▶ **Problem to solve**
Please return exactly the lines from the top of the data through the line that contains "hitomi34's cooksnap of", and skip all pictures.

# # # # # # #

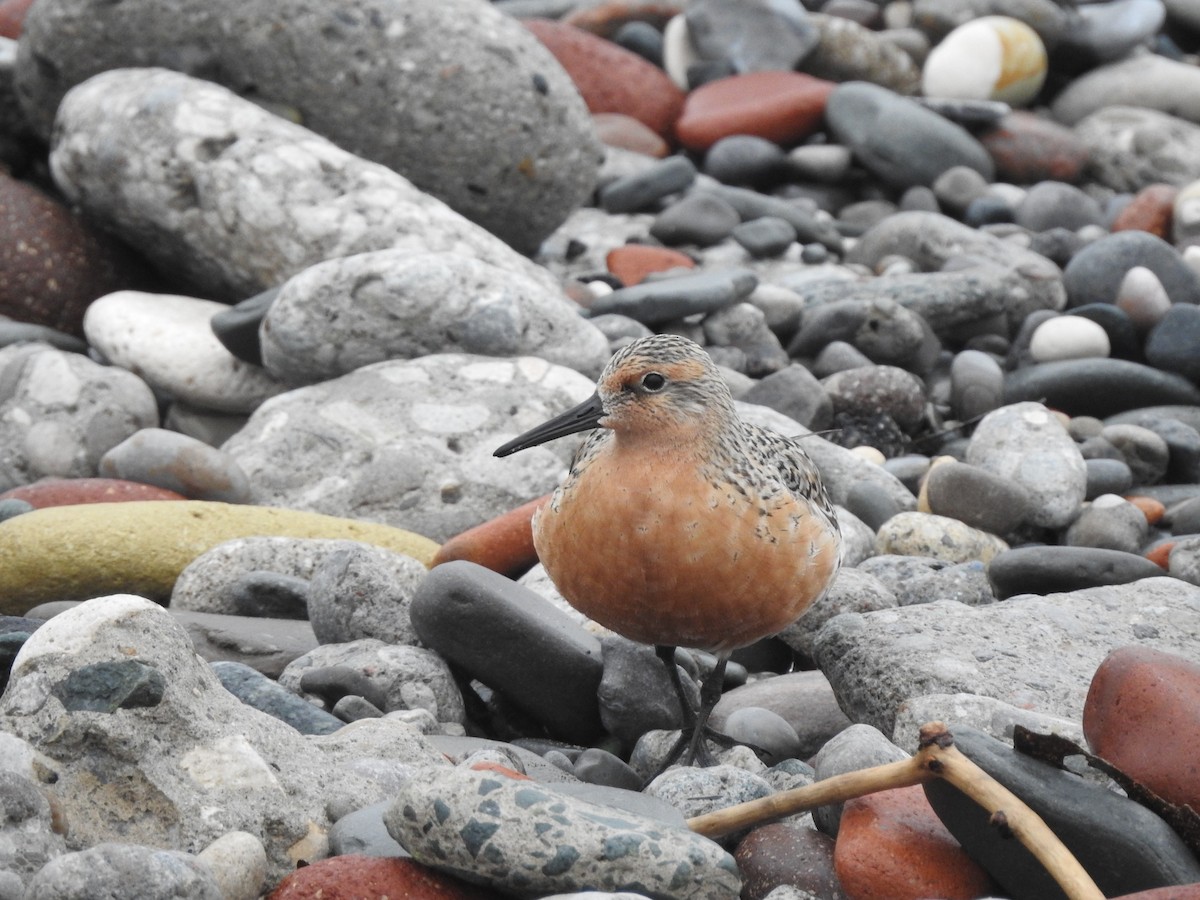 Red Knot - ML619778495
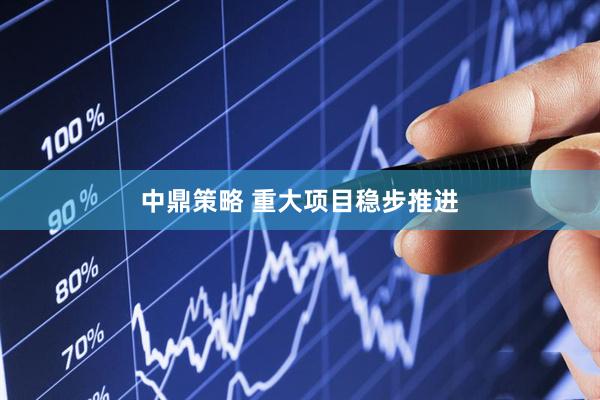 中鼎策略 重大项目稳步推进
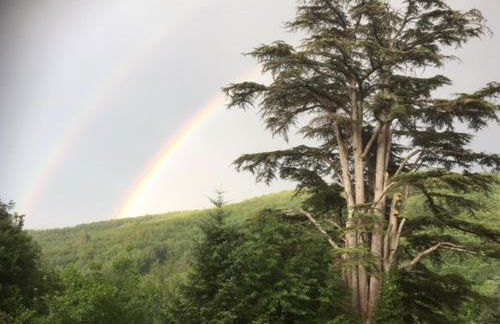 Domaine de Label, Spa, massages - Foto 57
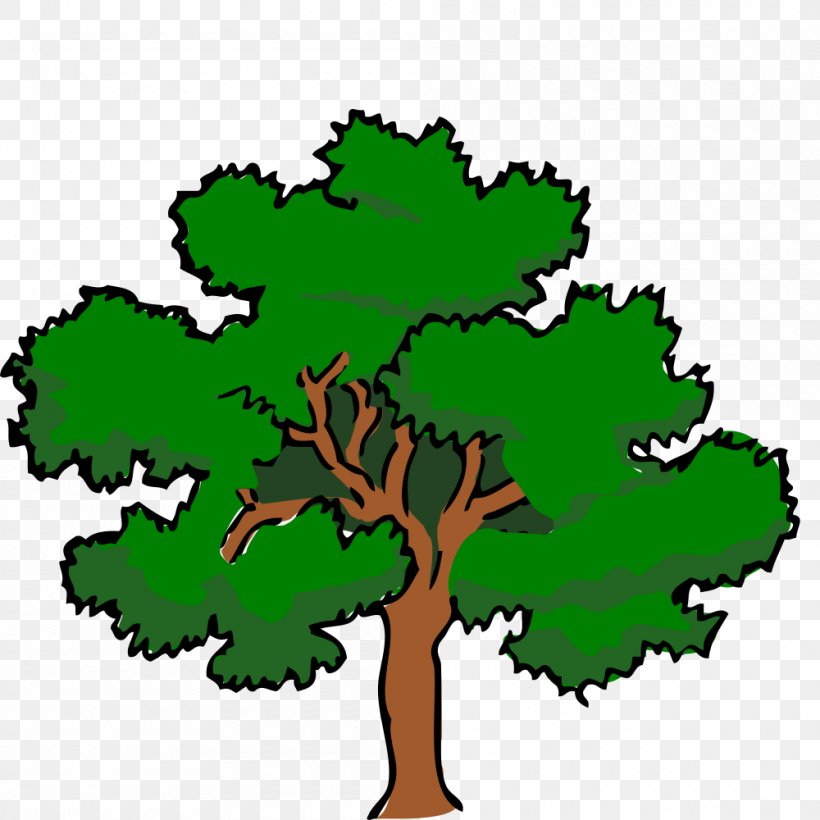 Clip Art Vector Graphics Southern Live Oak Tree, PNG, 1000x1000px, Southern Live Oak, Artwork, Branch, English Oak, Flora Download Free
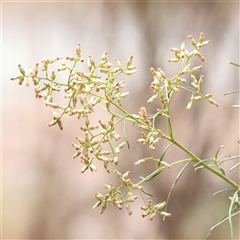Cassinia quinquefaria (Rosemary Cassinia) at O'Connor, ACT - 10 Mar 2025 by ConBoekel
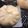 hitomi34's cooksnap of when they made 551みたい！と言われる肉まん.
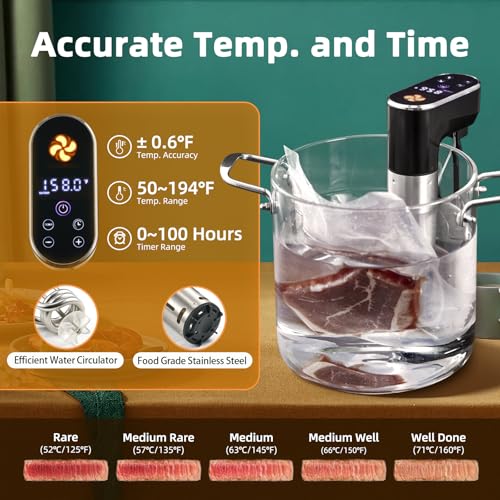 Sous Vide Precision Machine (Matte Black)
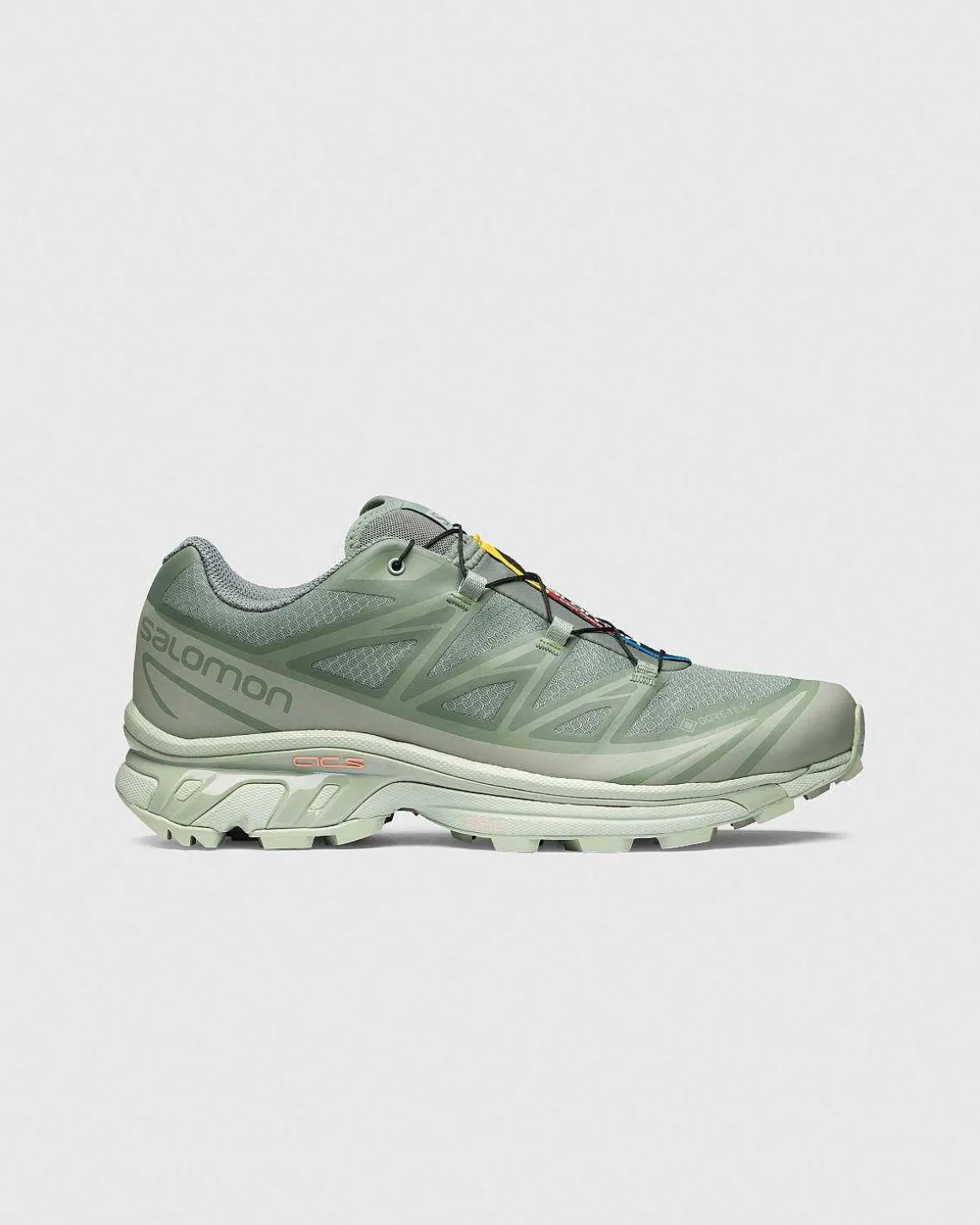Xt-6 Gtx Desert Sage/Lily Pad/Laurel Wreath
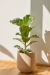 Set Ficus Pandurata en Maceta de rotomoldeado - comprar online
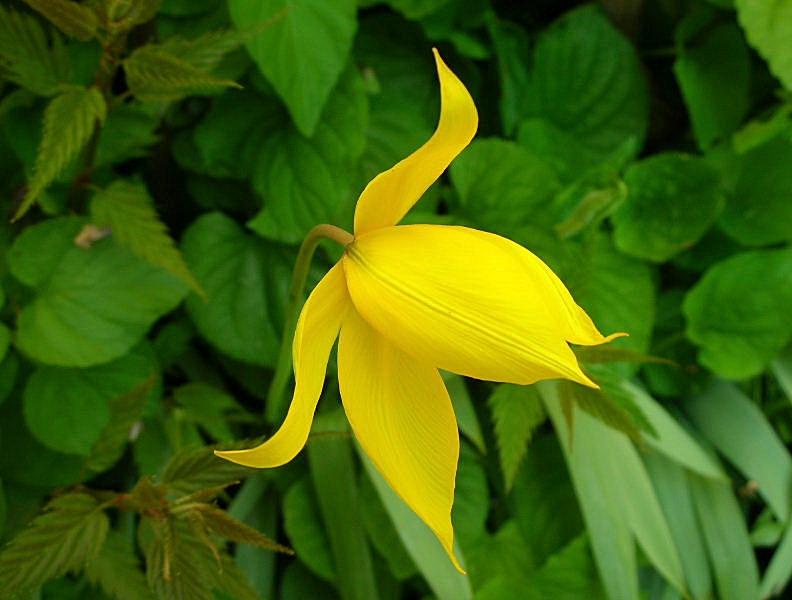 Tulipa sylvestris / Tulipano selvatico dei campi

# # # # # # #

▶ **Exercise response**
 Red Knot - ML619778495
 中鼎策略 重大项目稳步推进
 Domaine de Label, Spa, massages - Foto 57
 Clip Art Vector Graphics Southern Live Oak Tree, PNG, 1000x1000px, Southern Live Oak, Artwork, Branch, English Oak, Flora Download Free
Cassinia quinquefaria (Rosemary Cassinia) at O'Connor, ACT - 10 Mar 2025 by ConBoekel
 hitomi34's cooksnap of when they made 551みたい！と言われる肉まん.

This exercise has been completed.